/cellranger-nf

nextflow pipeline for running cellranger

Primary LanguageNextflowGNU General Public License v3.0GPL-3.0

cellranger-nf

nextflow pipeline for running cellranger

Requirements

You must have nextflow and cellranger installed and in your path. These are both very easy to install. Nextflow is a single command to download and install, and cellranger is distributed as a tarball full of binaries, but you have to agree to the license on their website and give them your information to get a link.

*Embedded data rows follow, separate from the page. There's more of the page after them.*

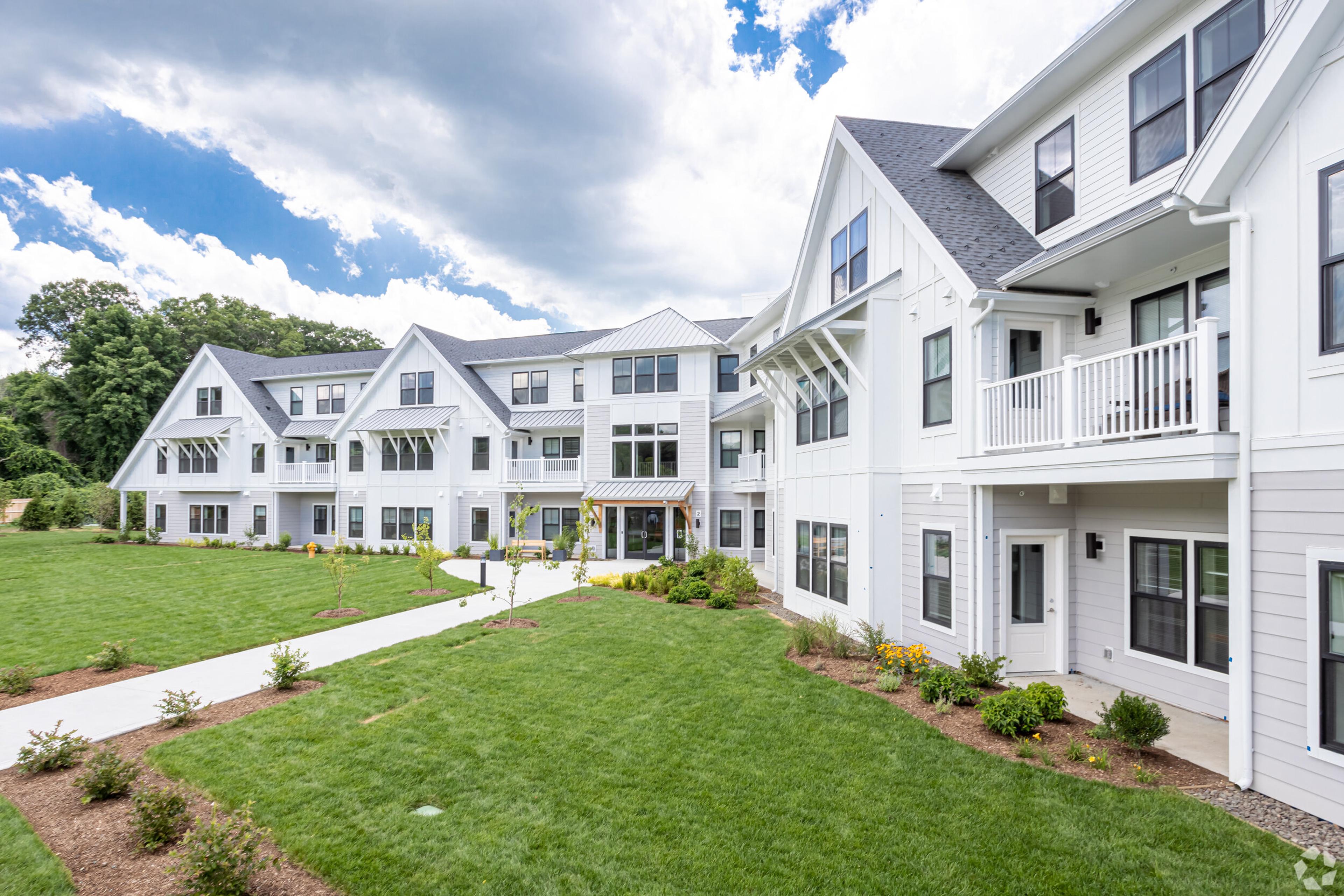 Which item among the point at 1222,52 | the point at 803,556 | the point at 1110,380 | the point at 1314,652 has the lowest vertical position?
the point at 803,556

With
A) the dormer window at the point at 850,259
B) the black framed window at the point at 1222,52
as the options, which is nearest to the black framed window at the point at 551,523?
the dormer window at the point at 850,259

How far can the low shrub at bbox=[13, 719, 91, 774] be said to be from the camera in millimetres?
5969

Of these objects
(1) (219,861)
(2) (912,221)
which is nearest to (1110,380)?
(2) (912,221)

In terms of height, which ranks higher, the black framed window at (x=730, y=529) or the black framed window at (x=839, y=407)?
the black framed window at (x=839, y=407)

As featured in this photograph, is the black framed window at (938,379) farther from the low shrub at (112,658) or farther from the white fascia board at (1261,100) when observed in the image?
the low shrub at (112,658)

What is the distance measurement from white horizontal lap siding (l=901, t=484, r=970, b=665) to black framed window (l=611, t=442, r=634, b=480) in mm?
16045

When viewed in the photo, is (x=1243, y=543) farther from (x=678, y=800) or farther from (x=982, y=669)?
(x=678, y=800)

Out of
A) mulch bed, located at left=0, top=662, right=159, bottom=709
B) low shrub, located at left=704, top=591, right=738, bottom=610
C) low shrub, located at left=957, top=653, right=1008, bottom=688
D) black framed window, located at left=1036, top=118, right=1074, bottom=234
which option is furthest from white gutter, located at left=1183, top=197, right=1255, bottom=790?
mulch bed, located at left=0, top=662, right=159, bottom=709

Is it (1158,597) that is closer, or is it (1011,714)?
(1011,714)

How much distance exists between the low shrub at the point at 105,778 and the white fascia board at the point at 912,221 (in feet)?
37.4

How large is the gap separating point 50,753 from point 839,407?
12610mm

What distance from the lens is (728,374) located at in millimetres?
25062

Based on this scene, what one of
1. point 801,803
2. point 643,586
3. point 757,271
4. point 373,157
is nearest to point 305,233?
point 373,157

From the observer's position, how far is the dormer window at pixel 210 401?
31.6 m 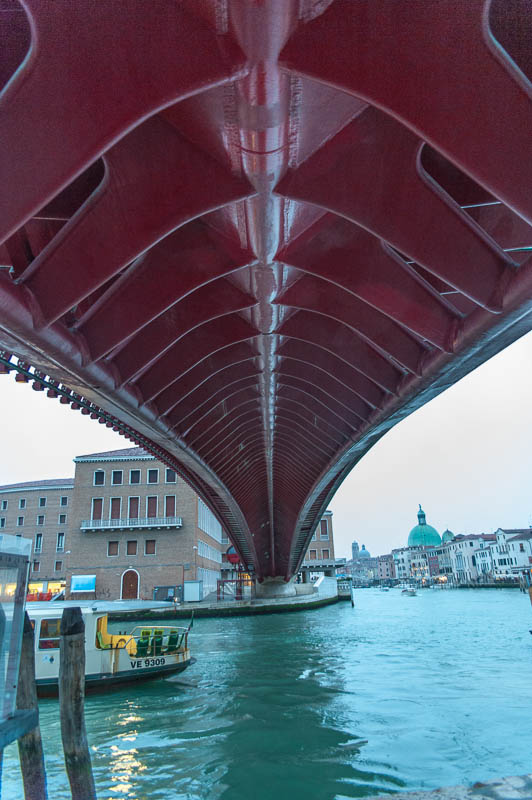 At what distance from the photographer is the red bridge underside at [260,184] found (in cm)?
348

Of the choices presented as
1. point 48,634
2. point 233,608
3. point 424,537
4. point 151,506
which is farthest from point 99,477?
point 424,537

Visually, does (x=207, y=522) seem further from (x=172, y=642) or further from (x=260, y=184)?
(x=260, y=184)

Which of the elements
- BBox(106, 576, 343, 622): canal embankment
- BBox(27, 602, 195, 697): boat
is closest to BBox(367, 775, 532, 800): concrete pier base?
BBox(27, 602, 195, 697): boat

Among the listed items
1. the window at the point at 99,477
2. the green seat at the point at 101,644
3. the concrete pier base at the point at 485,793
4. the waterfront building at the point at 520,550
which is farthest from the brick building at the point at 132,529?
the waterfront building at the point at 520,550

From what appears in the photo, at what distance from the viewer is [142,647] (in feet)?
45.6

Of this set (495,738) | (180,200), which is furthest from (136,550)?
(180,200)

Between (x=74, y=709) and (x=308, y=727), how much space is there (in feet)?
15.5

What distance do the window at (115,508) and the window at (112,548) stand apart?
1.93 m

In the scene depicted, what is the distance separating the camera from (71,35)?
11.3 ft

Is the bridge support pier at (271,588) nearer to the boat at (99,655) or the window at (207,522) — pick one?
the window at (207,522)

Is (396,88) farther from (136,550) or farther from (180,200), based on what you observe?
(136,550)

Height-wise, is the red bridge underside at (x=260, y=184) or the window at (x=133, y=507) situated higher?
the window at (x=133, y=507)

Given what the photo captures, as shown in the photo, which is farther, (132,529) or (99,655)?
(132,529)

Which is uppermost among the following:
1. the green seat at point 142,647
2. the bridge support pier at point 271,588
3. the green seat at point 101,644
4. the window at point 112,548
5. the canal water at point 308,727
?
the window at point 112,548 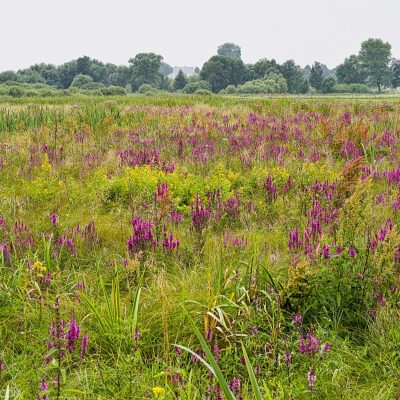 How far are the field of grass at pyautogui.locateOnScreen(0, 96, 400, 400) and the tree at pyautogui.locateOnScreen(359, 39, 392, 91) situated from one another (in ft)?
417

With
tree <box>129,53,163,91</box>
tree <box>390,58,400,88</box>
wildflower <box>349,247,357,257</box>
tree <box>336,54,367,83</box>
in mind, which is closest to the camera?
wildflower <box>349,247,357,257</box>

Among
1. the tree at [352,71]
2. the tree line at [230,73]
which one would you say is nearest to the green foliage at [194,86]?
the tree line at [230,73]

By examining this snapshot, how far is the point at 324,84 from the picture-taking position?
110 m

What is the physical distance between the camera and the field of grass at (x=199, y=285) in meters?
2.44

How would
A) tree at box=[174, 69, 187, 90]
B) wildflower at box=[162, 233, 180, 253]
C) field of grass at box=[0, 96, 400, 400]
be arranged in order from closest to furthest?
1. field of grass at box=[0, 96, 400, 400]
2. wildflower at box=[162, 233, 180, 253]
3. tree at box=[174, 69, 187, 90]

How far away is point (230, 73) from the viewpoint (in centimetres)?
11688

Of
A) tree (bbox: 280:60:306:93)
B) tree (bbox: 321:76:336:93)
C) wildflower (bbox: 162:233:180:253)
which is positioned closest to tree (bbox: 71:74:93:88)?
tree (bbox: 280:60:306:93)

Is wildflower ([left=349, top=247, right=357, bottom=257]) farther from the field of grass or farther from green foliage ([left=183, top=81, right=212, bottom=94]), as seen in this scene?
green foliage ([left=183, top=81, right=212, bottom=94])

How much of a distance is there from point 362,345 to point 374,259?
0.65 m

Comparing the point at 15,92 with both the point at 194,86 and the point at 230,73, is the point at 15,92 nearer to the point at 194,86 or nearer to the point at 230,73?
the point at 194,86

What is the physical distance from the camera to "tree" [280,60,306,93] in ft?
375

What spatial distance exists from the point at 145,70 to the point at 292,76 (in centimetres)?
4137

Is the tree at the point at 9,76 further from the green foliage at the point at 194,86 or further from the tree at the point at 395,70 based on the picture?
the tree at the point at 395,70

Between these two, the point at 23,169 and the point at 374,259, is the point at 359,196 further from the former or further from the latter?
the point at 23,169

This pipeline now supports using CellBender to filter the CellRanger output. If you would like to use this functionality, you will need to have CellBender installed in a conda environment.

Configuration

There is a sample configuration file that works for running this pipeline on Lewis included in this package (nextflow.config). If you're running this on Lewis, you can try using the default configuration file by not doing anything. Otherwise, copy it to the directory where you are going to run this pipeline, and edit it to work on your cluster or other setup. See nextflow documentation for help with this.

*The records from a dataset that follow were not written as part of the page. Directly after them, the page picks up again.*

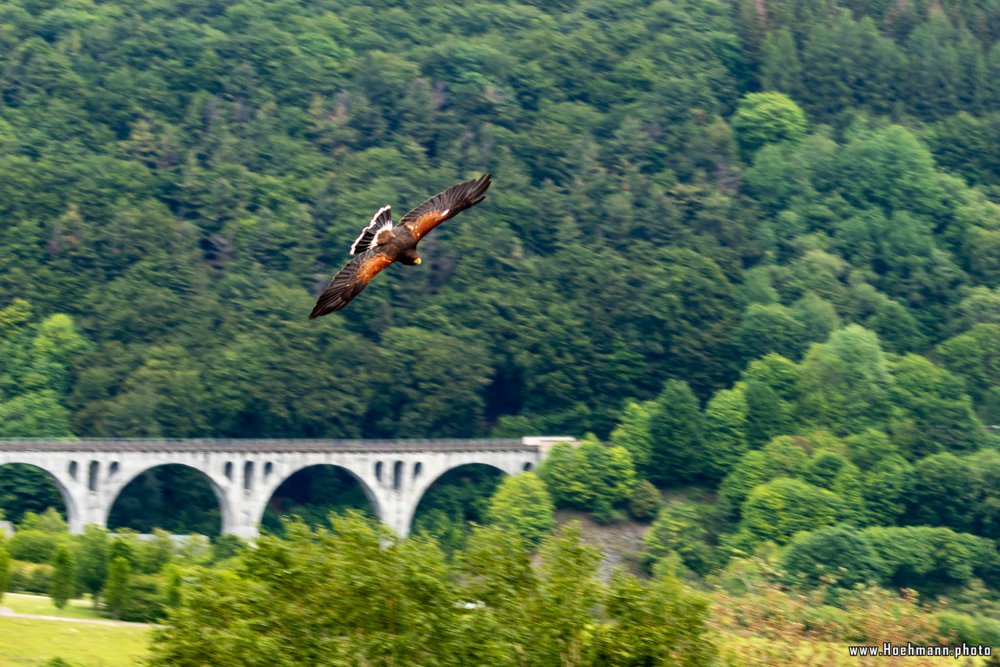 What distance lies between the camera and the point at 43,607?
8512 centimetres

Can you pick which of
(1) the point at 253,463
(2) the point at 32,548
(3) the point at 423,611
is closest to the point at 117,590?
(2) the point at 32,548

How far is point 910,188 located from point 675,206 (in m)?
23.3

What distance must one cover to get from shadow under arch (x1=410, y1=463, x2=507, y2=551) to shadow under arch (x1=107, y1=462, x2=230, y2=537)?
13216 mm

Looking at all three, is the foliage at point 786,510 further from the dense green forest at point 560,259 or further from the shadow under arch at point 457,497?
the shadow under arch at point 457,497

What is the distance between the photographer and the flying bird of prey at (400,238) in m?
42.8

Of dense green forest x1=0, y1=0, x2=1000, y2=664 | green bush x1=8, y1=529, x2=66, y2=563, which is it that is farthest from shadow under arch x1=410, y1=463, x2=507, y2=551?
green bush x1=8, y1=529, x2=66, y2=563

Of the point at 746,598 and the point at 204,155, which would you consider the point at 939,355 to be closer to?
the point at 204,155

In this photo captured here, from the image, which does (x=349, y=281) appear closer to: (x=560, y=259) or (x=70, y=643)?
(x=70, y=643)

CellBender is multiple orders of magnitude faster on a GPU than a CPU, so running it on a machine with a GPU is highly recommended. The default configuration file provides an example of how I have this configured on the Lewis cluster, and should be reasonably simple to adapt to your cluster.

Running

You'll need to make or download a cellranger reference first. This pipeline does not do that for you. See cellranger documentation.

First, gather up your reference and your fastq files from the sequencer.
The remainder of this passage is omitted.